Write out the entries exactly, pictures excluded.
___ Exercise material ___
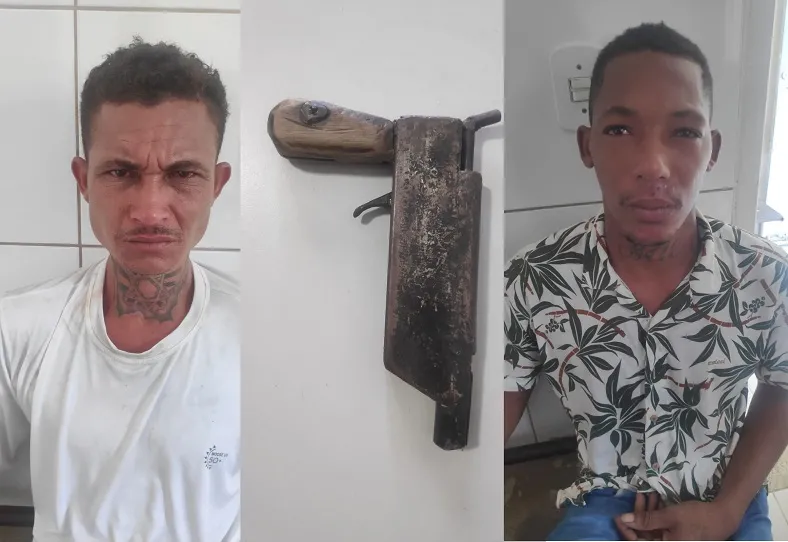 Prisão dentro de hipermercado após “varredura” feita pela PM no Centro de Linhares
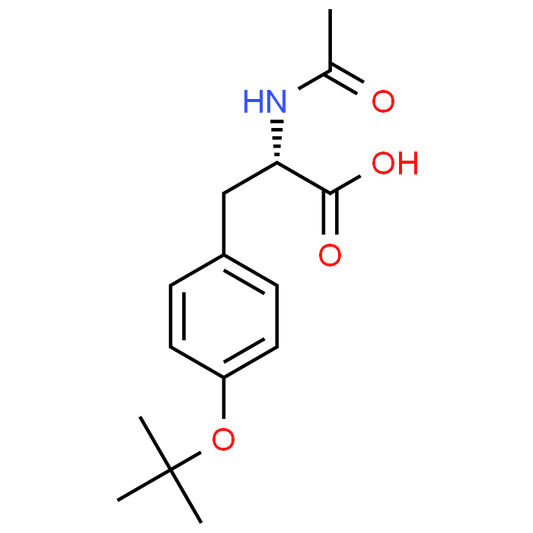 N-Ac-Tyr(tBu)-OH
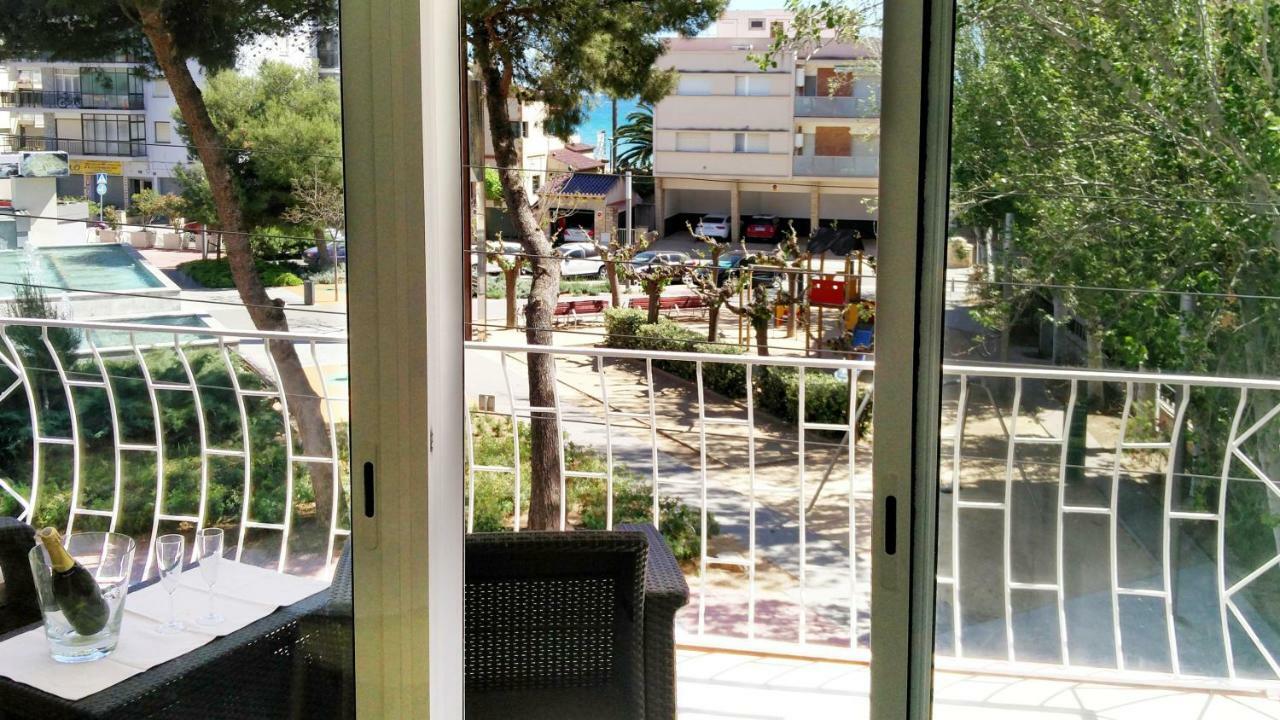 Apartmán Apartamento Leman Salou Exteriér fotografie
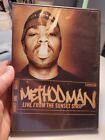 Method Man - Live from the Sunset Strip (DVD, 2007)
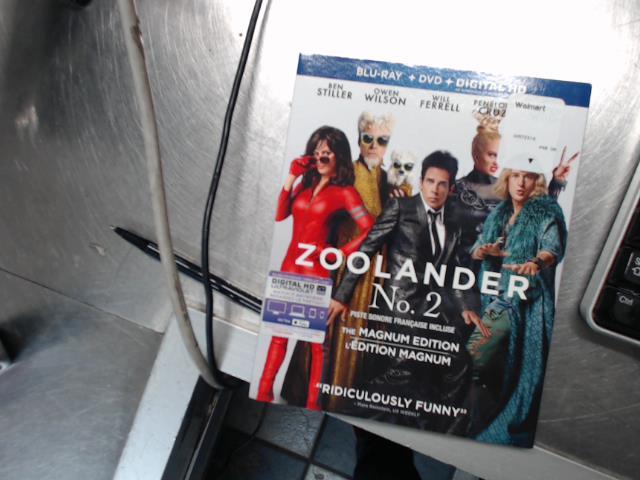Zoolander n0.2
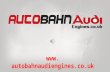 Premium quality Audi A1 1.2-Litre Engine in the best working condition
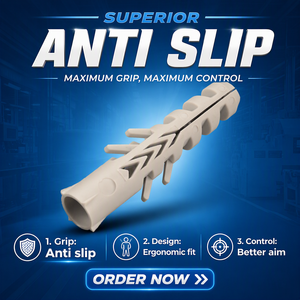 Tassello ad Espansione in Nylon <span class=keywords><strong>da</strong></span> 5mm, 6mm, 8mm, 10mm, 12mm per Fissaggio a Vite - Product Image 1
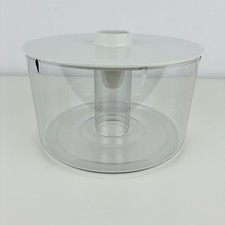 Braun Multipractic Creaming Egg White Bowl & Lid - 4259 4261 4262 Food Processor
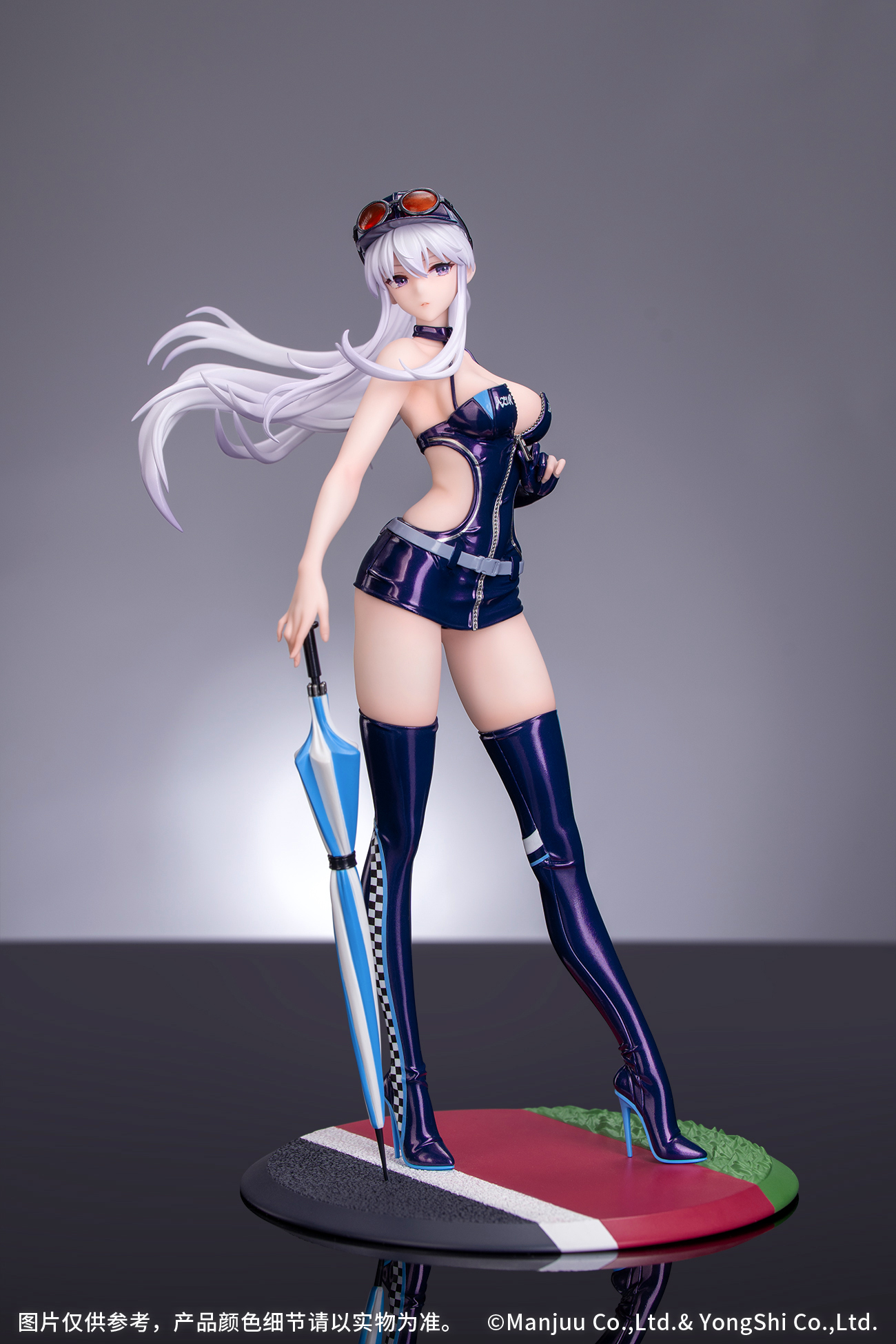 Myethos - Gift Series Azur Lane Enterprise Wind Catcher (Licensed) Statue(GK)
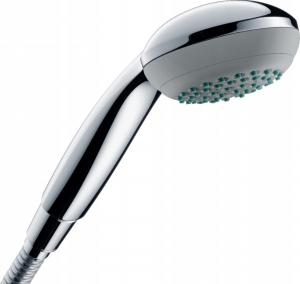 Główka prysznicowa Hansgrohe Crometta 85 Variojet DN15 chrom 28562000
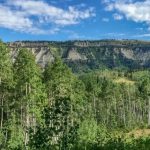 Arapeen Manti Canyon and Milky Falls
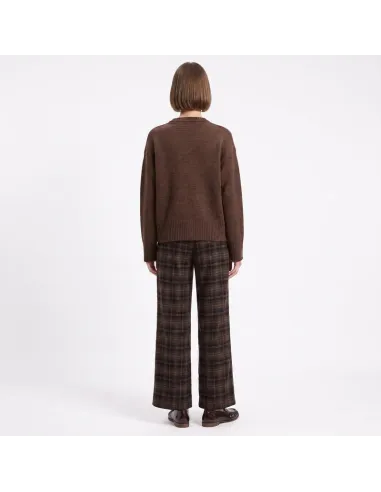PULL MARINA, Brown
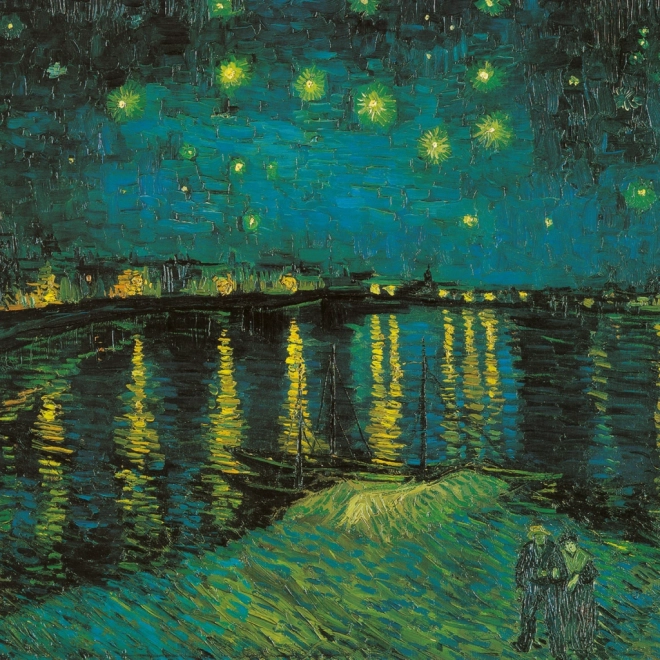 calendar de birou Vincent van Gogh 2025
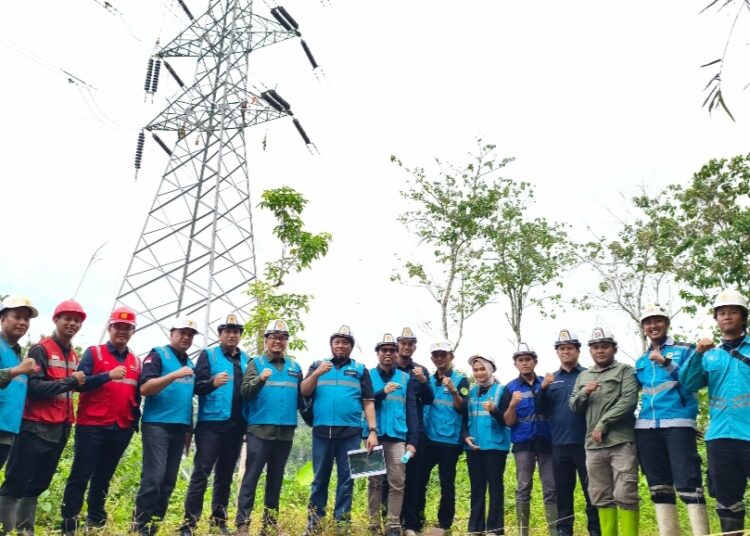 Sinergi Kejaksaan Agung dan PLN Kawal Pembangunan Proyek Strategis Kelistrikan Interkoneksi Kaltim-Kaltara
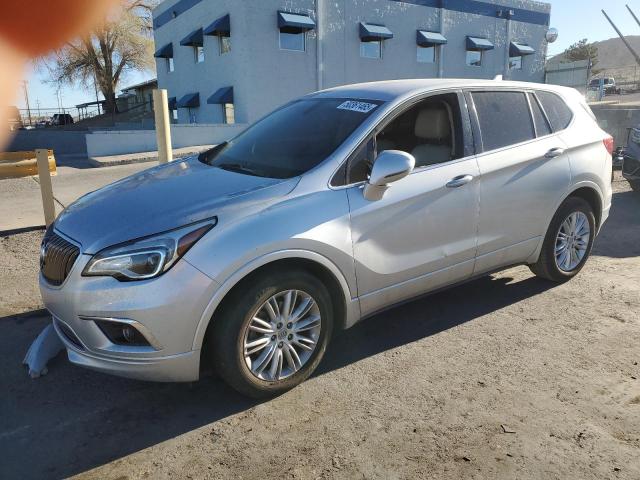 2017 BUICK ENVISION PREFERRED, null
___
▸ **Solution for this problem**:
 Prisão dentro de hipermercado após “varredura” feita pela PM no Centro de Linhares
 N-Ac-Tyr(tBu)-OH
 Apartmán Apartamento Leman Salou Exteriér fotografie
 Method Man - Live from the Sunset Strip (DVD, 2007)
Zoolander n0.2
 Premium quality Audi A1 1.2-Litre Engine in the best working condition
 Tassello ad Espansione in Nylon <span class=keywords><strong>da</strong></span> 5mm, 6mm, 8mm, 10mm, 12mm per Fissaggio a Vite - Product Image 1
 Braun Multipractic Creaming Egg White Bowl & Lid - 4259 4261 4262 Food Processor
 Myethos - Gift Series Azur Lane Enterprise Wind Catcher (Licensed) Statue(GK)
 Główka prysznicowa Hansgrohe Crometta 85 Variojet DN15 chrom 28562000
 Arapeen Manti Canyon and Milky Falls
PULL MARINA, Brown
 calendar de birou Vincent van Gogh 2025
 Sinergi Kejaksaan Agung dan PLN Kawal Pembangunan Proyek Strategis Kelistrikan Interkoneksi Kaltim-Kaltara
 2017 BUICK ENVISION PREFERRED, null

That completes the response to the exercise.